Problem description — With the images removed, repeat the data below exactly.

Information supplied —
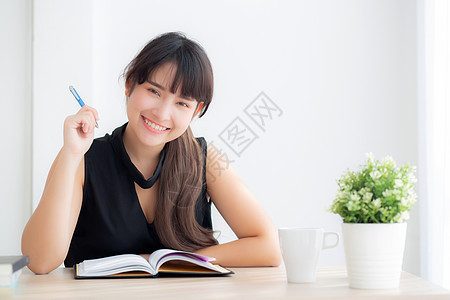 美丽的亚洲年轻女性微笑着坐着学习 在家里的客厅里学习写笔记本和日记 女孩的家庭作业 在桌子上工作的女商务人士 教育理念笔记快乐考图片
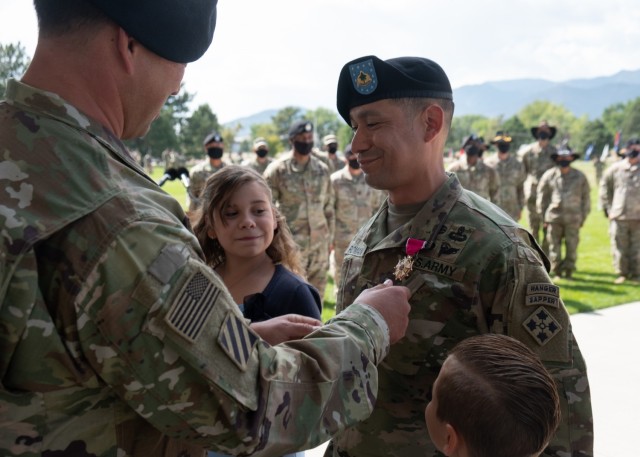 Col. Ike Sallee, commander, 1st Stryker Brigade Combat Team, 4th Infantry Division, pins the Legion of Merit on Command Sgt. Maj. Delfin Romani's collar at the 1st SBCT, 4th Inf. Div. change of responsibility ceremony at Fort Carson, Colorado, September 23, 2020. Romani was awarded the LOM in recognition of his service during his tenure as the 1st SBCT Command Sgt. Maj. (U.S. Army photo by Capt. Daniel Parker)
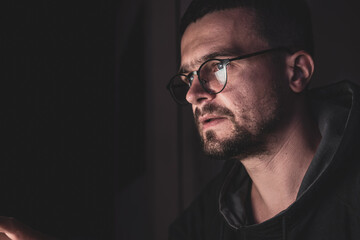 A man with glasses in the dark looks at the computer screen, copy space.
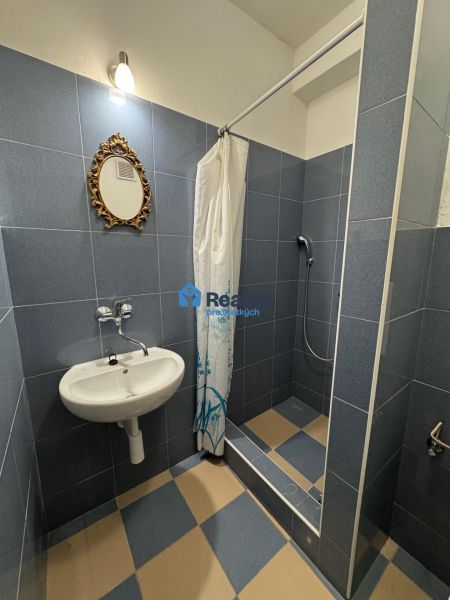 Fürdőszoba egy kétszobás lakásban mosdóval, tükörrel és zuhanyzóval, kék csempékkel.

Reply to the exercise —
 美丽的亚洲年轻女性微笑着坐着学习 在家里的客厅里学习写笔记本和日记 女孩的家庭作业 在桌子上工作的女商务人士 教育理念笔记快乐考图片
 Col. Ike Sallee, commander, 1st Stryker Brigade Combat Team, 4th Infantry Division, pins the Legion of Merit on Command Sgt. Maj. Delfin Romani's collar at the 1st SBCT, 4th Inf. Div. change of responsibility ceremony at Fort Carson, Colorado, September 23, 2020. Romani was awarded the LOM in recognition of his service during his tenure as the 1st SBCT Command Sgt. Maj. (U.S. Army photo by Capt. Daniel Parker)
 A man with glasses in the dark looks at the computer screen, copy space.
 Fürdőszoba egy kétszobás lakásban mosdóval, tükörrel és zuhanyzóval, kék csempékkel.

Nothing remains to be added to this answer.